On December 12th, 2017, world leaders met in Paris for the "One Planet Summit" at the invitation of French President Emmanuel Macron, UN Secretary-General Antonio Guterres and World Bank President Jim Yong Kim. With around 50 heads of state and government in attendance, the summit marked the 2-year anniversary of the adoption of the historic Paris Agreement. It provided government and business leaders with a platform to make new announcements on how they intend to accelerate the implementation of that agreement, and in particular how they will mobilize the necessary investments. Finance was thus at the centre of the summit. But do any of these new announcements matter? Will they make a difference, particularly for the poorest and most vulnerable developing countries?

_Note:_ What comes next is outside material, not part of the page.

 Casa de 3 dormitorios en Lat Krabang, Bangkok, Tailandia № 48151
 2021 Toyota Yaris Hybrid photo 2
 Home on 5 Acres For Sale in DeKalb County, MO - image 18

The Paris Agreement contains two overarching objectives on finance. On the one hand, it confirms the obligation for developed countries to provide financial resources to assist developing countries with respect to climate change mitigation and adaptation (Article 4). Such support should increase over time and be disbursed in a balanced way between adaptation and mitigation. In Paris, the objective of mobilizing US$ 100 billion annually for this support by 2020 was confirmed; until 2025 support should then continue at this scale before the US$ 100 billion objective is replaced with a new target for the period after 2025. On the other hand, the Paris Agreement also stipulates an objective that goes much beyond dedicated climate-finance flows from developed to developing countries. Article 2.1 (c) sets the objective of "making finance flows consistent with a pathway towards low greenhouse gas emissions and climate-resilient development". This refers to all finance flows, public and private, between and within countries, in the global North and South. This objective is about shifting the trillions of global financial flows away from "brown" investments that threaten climate stability to "green" investments that support climate compatible development. Both of these objectives contained in the Paris Agreement are crucially important to the address the global climate crisis and one cannot replace the other.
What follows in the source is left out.